Analyze data in a review sets
This section discusses the Analysis phase of the EDRM model.
When an evidence collection is large, it often includes multiple copies of the same or similar email messages or documents. Analysis tools in Advanced eDiscovery support the Analysis phase of the EDRM model by enabling you to cull data from the review set that isn't relevant to the investigation.
Advanced eDiscovery is integrated with capabilities such as:
- Near duplicates and email threading
- Autogenerated review set query
- Ignore text
- Optical character recognition
By reducing the volume of relevant data, these capabilities help you save legal review costs by enabling you to organize content to make the review process easier and more efficient.
To configure how data in your review set is further culled, open the case in Advanced eDiscovery and navigate to the Settings tab. Click Select under Search & analytics.
To configure search and analytics settings for a case:
On the Advanced eDiscovery page, select the case.
On the Settings tab, under Search & analytics, click Select.
Near duplicates and email threading
Near duplicate detection groups textually similar documents together to help you make your review process more efficient. When near duplicate detection is run, the system parses every document with text. Then, it compares every document against each other to determine whether their similarity is greater than the set threshold. If it is, the documents are grouped together. Once all documents have been compared and grouped, a document from each group is marked as the "pivot"; in reviewing your documents, you can review a pivot first and review the other documents in the same near duplicate set, focusing on the difference between the pivot and the document that is in review.
In most cases, the last email in a thread will include the contents of all the preceding emails such that reviewing the last email will give a complete context of the conversation that happened in the thread. Email threading identifies such emails so that reviewers can review a fraction of collected email without losing any context.
Email threading parses each email in a thread, deconstructs it into individual messages, then analyzes those messages for unique content. In the end, emails are divided into four categories:
- Inclusive: the last message in the email has unique content, and the email has all of the attachments that were included in other emails of which the content is wholly contained in this email.
- Inclusive minus: the last message in the email has unique content, but the email does not contain some of the attachments that were included in other emails of which the content is wholly contained in this email.
- Inclusive copy: an exact copy of an inclusive/inclusive minus email
- None: The content of this email is wholly contained in at least one email that is marked as inclusive/inclusive minus.
This section lets you configure the following parameters:
- Near duplicates/email threading. When turned on, duplicate detection, near duplicate detection, and email threading are included as part of the workflow when you run analytics on the data in a review set.

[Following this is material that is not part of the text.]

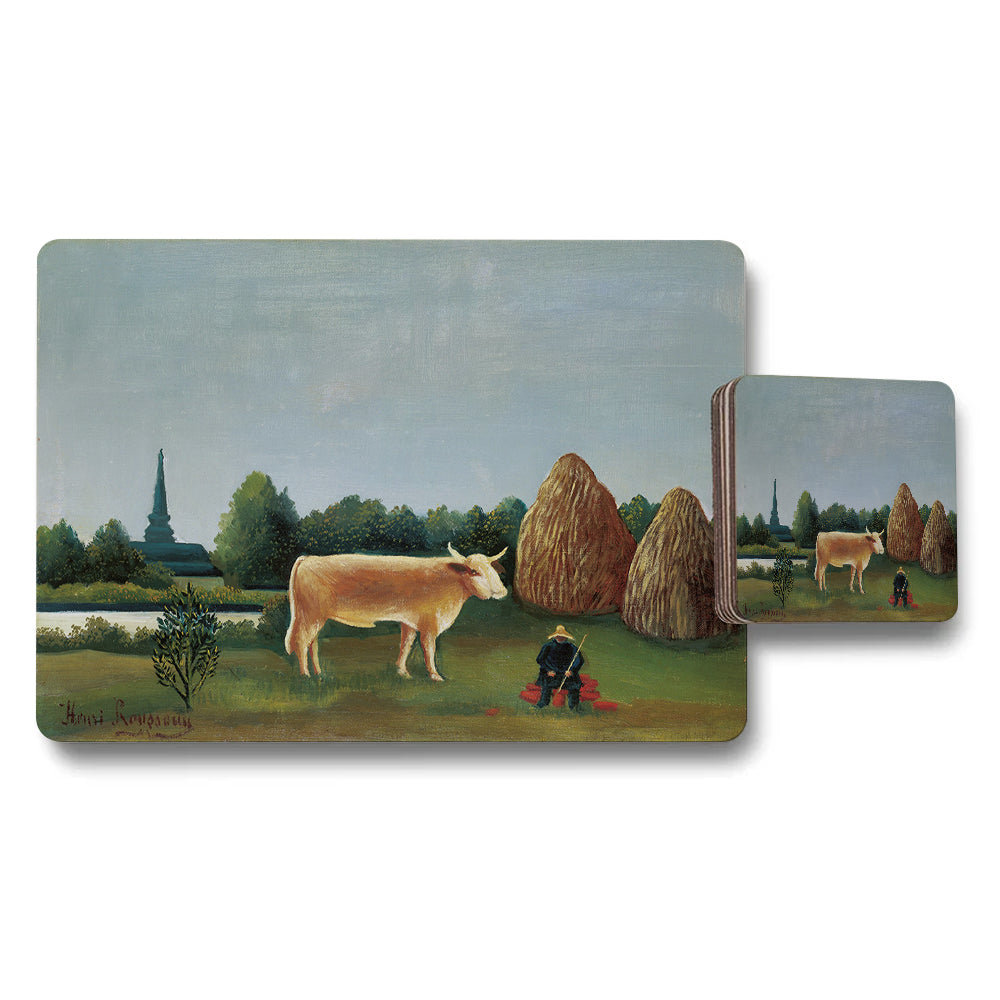 Rustic Cow And Haystacks Placemats And Coasters Set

- Document and email similarity threshold. If the similarity level for two documents is above the threshold, both documents are put in the same near duplicate set.
- Minimum/maximum number of words. These settings specify that near duplicates and email threading analysis are performed only on documents that have at least the minimum number of words and at most the maximum number of words.
The Themes functionality analyzes documents with text in a review set to parse out common themes that appear across all the documents in the review set. Advanced eDiscovery assigns those themes to the documents in which they appear. It also labels each theme with the words used in the documents that are representative of the theme. Because a document can contain various types of subject matter, Advanced eDiscovery often assigns multiple themes to documents. The theme that appears most prominently in a document is designated as its dominant theme.
This section lets you set the following parameters:
- Themes. When turned on, themes clustering is performed as part of the workflow when you run analytics on the data in a review set.
- Maximum number of themes. Specifies the maximum number of themes that can be generated when you run analytics on the data in a review set.
- Include numbers in themes. When turned on, numbers (that identify a theme) are included when generating themes.
- Adjust maximum number of themes dynamically. In certain situations, there may not be enough documents in a review set to produce the desired number of themes. When this setting is enabled, Advanced eDiscovery adjusts the maximum number of themes dynamically rather than attempting to enforce the maximum number of themes.
Review set query
If you select the Automatically create a For Review saved search after analytics checkbox, Advanced eDiscovery autogenerates review set query named For Review.
This query filters out duplicate items from the review set which enables you review the unique items in the review set.
This query is created only when you run analytics for a review set in the case.
Sometimes certain text will diminish the quality of analytics, such as lengthy disclaimers that get added to email messages regardless of the content of the email. If you know of text that should be ignored, you can exclude it from analytics by specifying the text string and the analytics functionality (Near-duplicates, Email threading, Themes, and Relevance) that the text should be excluded for.
Optical character recognition (OCR)
When optical character recognition is enabled in a case, the OCR functionality automatically extracts text from images and includes the image text with the data that is added to a review set. You can view the extracted text in the Text viewer of the selected image file in the review set. This lets you conduct further review and analysis on text in images. OCR is supported for loose files, email attachments, and embedded images. For a list of image file formats that are supported for OCR, see Supported file types in Advanced eDiscovery.
You have to enable OCR functionality for each case that you create in Advanced eDiscovery.